## TO DO
With the pictures removed, write out the full listing below exactly.

## DATA BLOCK
────────────────

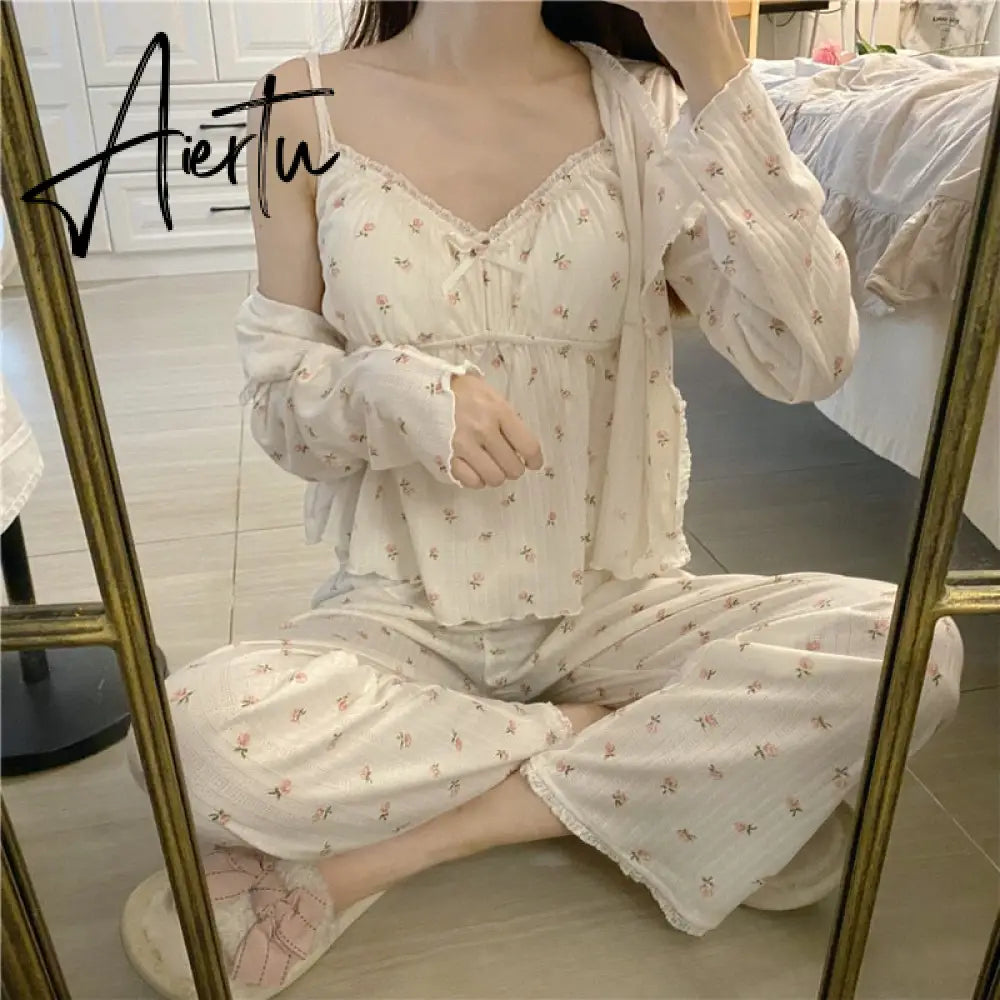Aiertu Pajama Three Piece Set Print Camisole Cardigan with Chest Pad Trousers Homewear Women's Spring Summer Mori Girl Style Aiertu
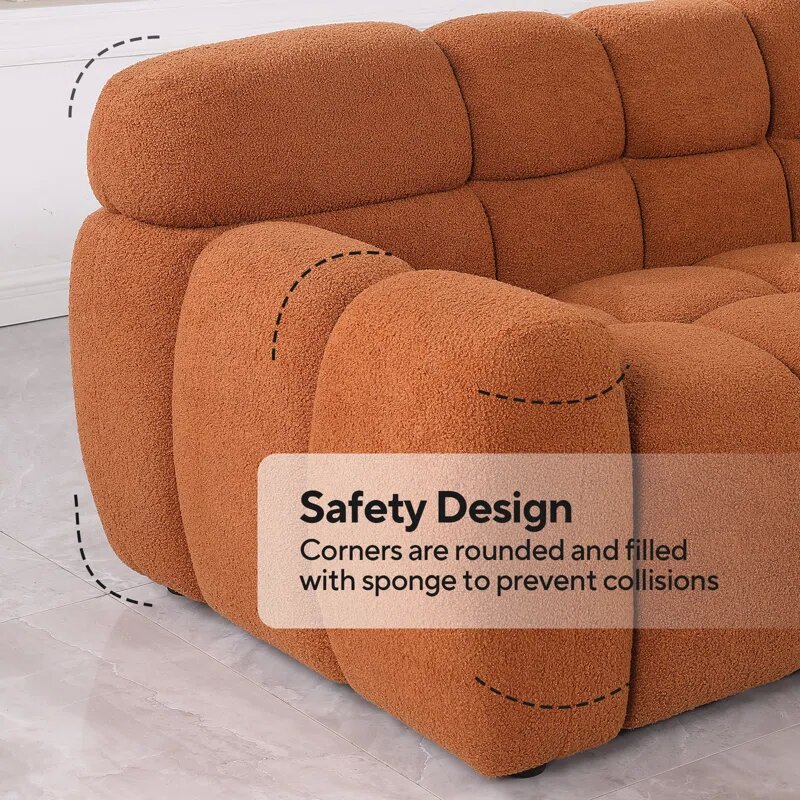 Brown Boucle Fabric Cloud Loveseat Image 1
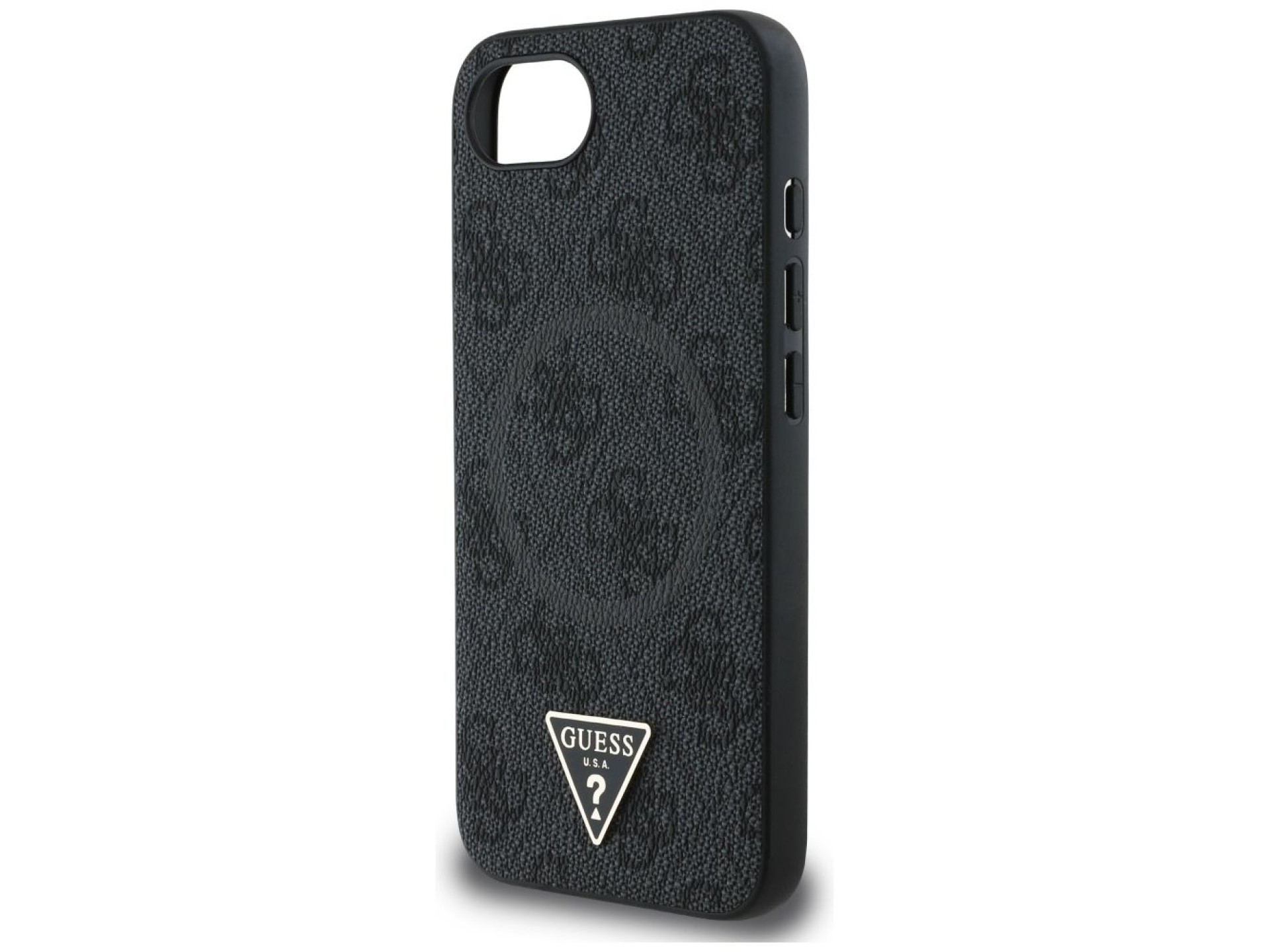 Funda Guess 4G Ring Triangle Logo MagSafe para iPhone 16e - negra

────────────────

## COMPLETED TASK
Aiertu Pajama Three Piece Set Print Camisole Cardigan with Chest Pad Trousers Homewear Women's Spring Summer Mori Girl Style Aiertu
 Brown Boucle Fabric Cloud Loveseat Image 1
 Funda Guess 4G Ring Triangle Logo MagSafe para iPhone 16e - negra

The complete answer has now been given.